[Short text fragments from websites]
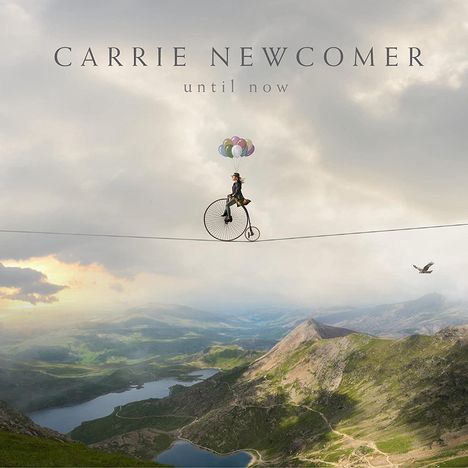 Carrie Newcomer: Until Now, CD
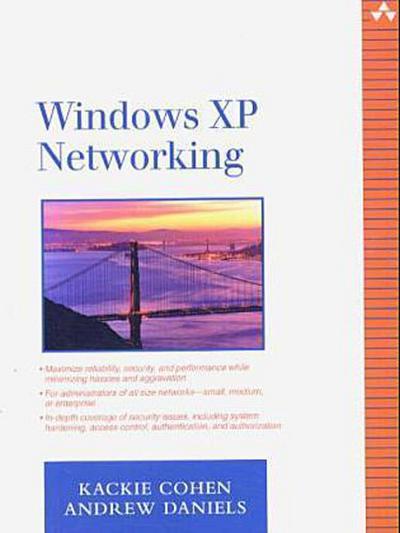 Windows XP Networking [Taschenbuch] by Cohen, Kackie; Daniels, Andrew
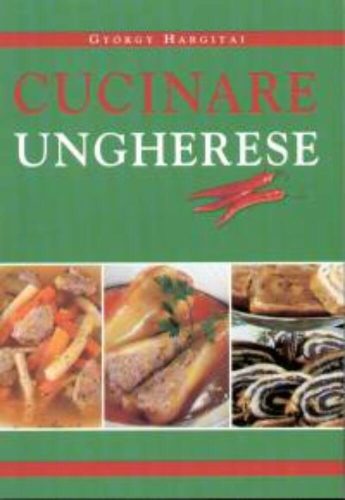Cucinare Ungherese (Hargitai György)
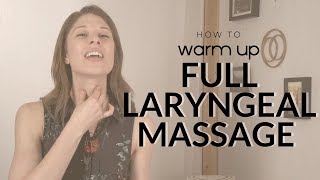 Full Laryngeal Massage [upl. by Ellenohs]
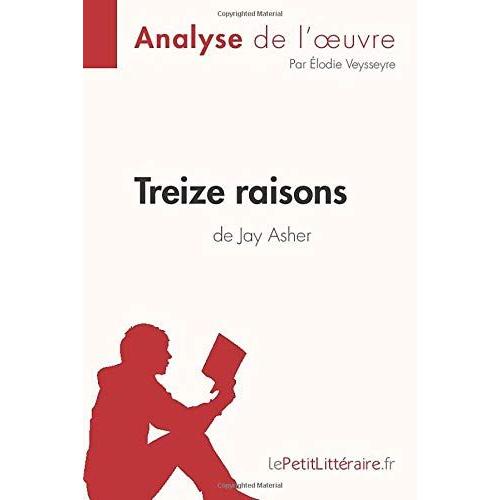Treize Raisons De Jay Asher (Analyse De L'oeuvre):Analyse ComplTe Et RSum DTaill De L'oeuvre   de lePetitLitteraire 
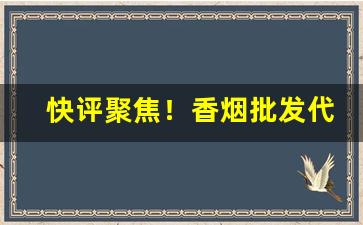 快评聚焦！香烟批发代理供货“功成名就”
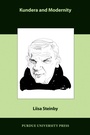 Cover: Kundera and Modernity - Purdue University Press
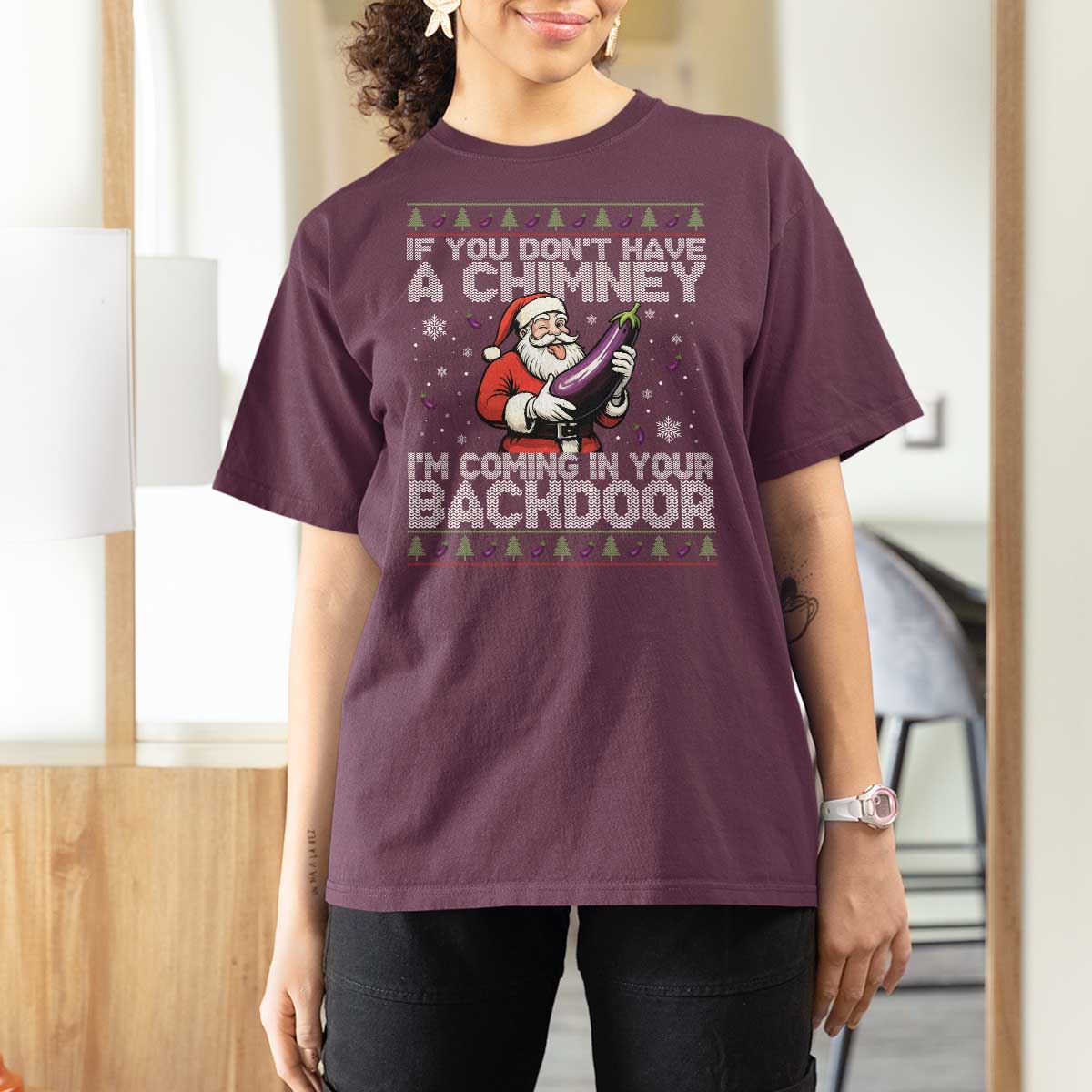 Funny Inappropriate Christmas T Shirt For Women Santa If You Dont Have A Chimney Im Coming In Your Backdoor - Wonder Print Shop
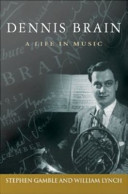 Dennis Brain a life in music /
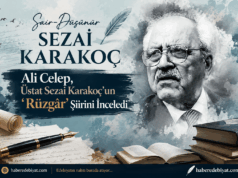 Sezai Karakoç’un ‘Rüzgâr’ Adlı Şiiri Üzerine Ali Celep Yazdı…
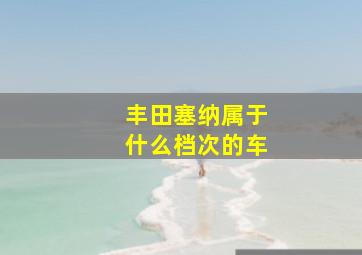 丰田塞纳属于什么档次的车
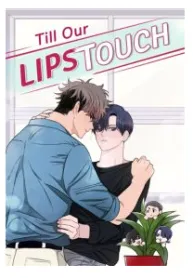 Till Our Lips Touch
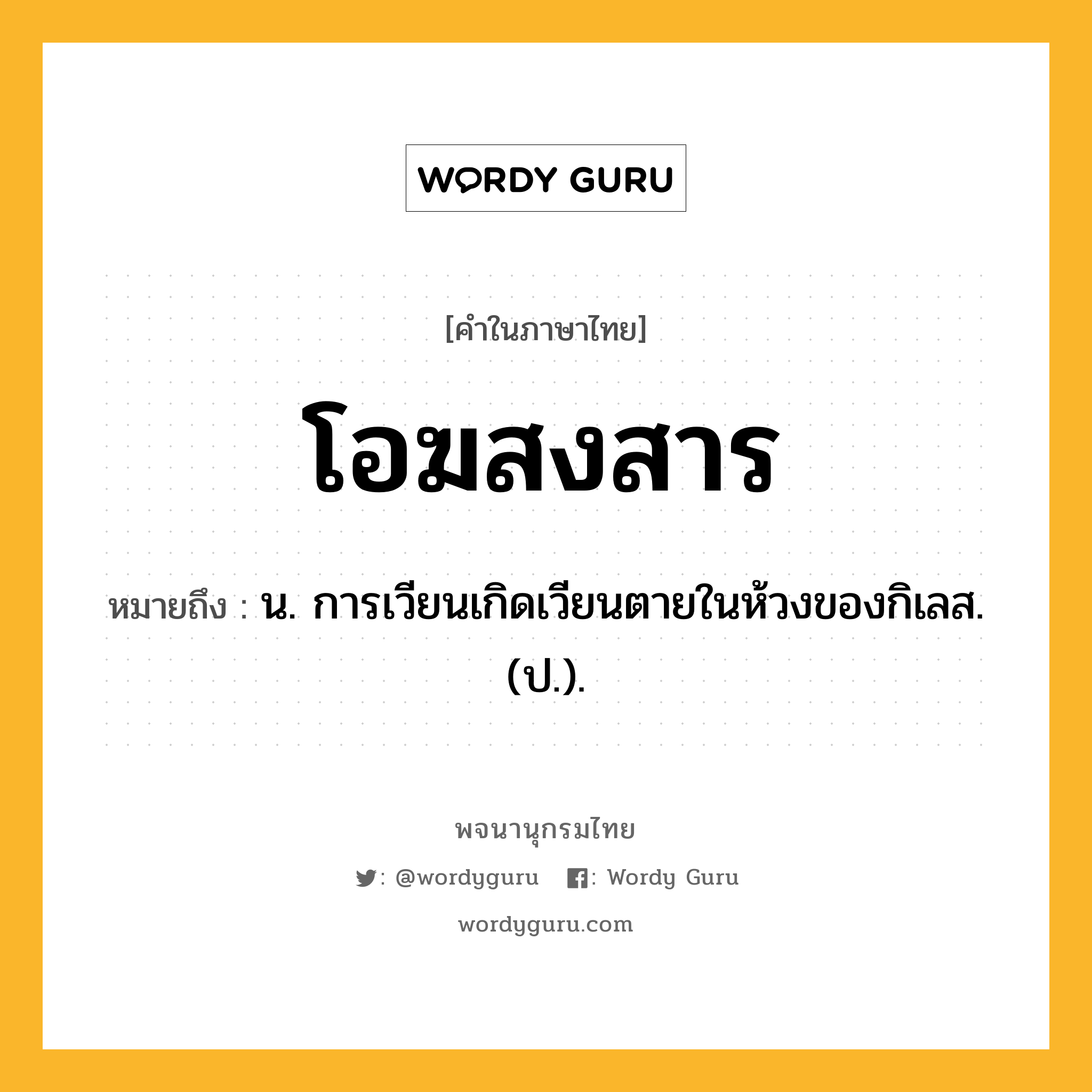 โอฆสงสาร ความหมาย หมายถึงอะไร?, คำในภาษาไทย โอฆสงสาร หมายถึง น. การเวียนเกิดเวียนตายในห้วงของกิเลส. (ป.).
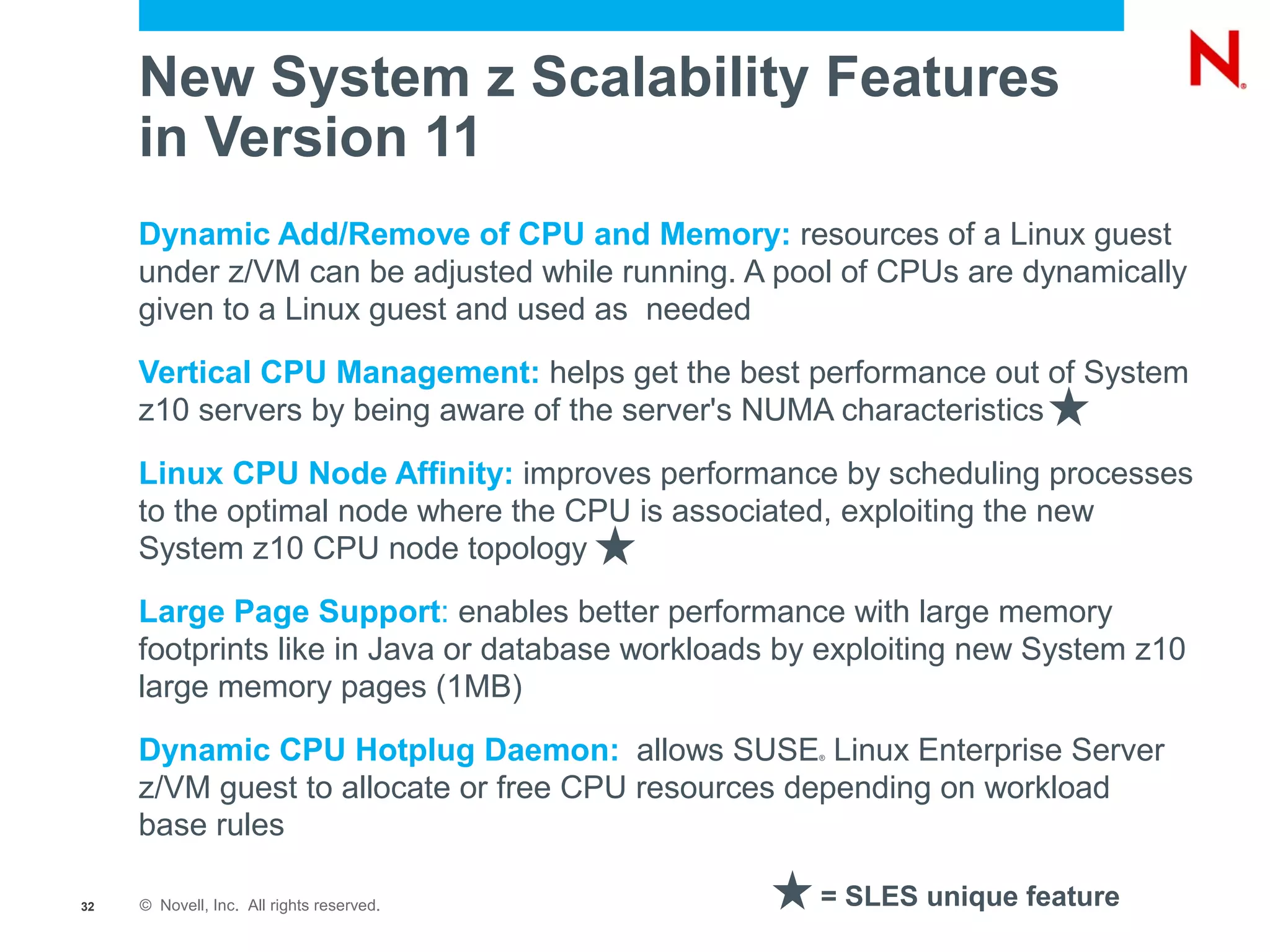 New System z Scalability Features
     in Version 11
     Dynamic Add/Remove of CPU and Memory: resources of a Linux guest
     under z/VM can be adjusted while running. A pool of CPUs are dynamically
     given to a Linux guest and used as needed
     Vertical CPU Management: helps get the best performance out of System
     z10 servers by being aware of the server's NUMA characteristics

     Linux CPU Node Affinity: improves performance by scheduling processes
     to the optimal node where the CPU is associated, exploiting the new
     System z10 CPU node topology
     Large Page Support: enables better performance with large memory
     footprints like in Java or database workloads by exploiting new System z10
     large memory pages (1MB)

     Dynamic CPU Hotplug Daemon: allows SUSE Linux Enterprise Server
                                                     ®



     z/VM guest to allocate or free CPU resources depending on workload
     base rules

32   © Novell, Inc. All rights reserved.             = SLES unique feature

### Exercise description
Search the entries for the string "exploiting". Copy every line that has it.

### Exercise response
     to the optimal node where the CPU is associated, exploiting the new
     footprints like in Java or database workloads by exploiting new System z10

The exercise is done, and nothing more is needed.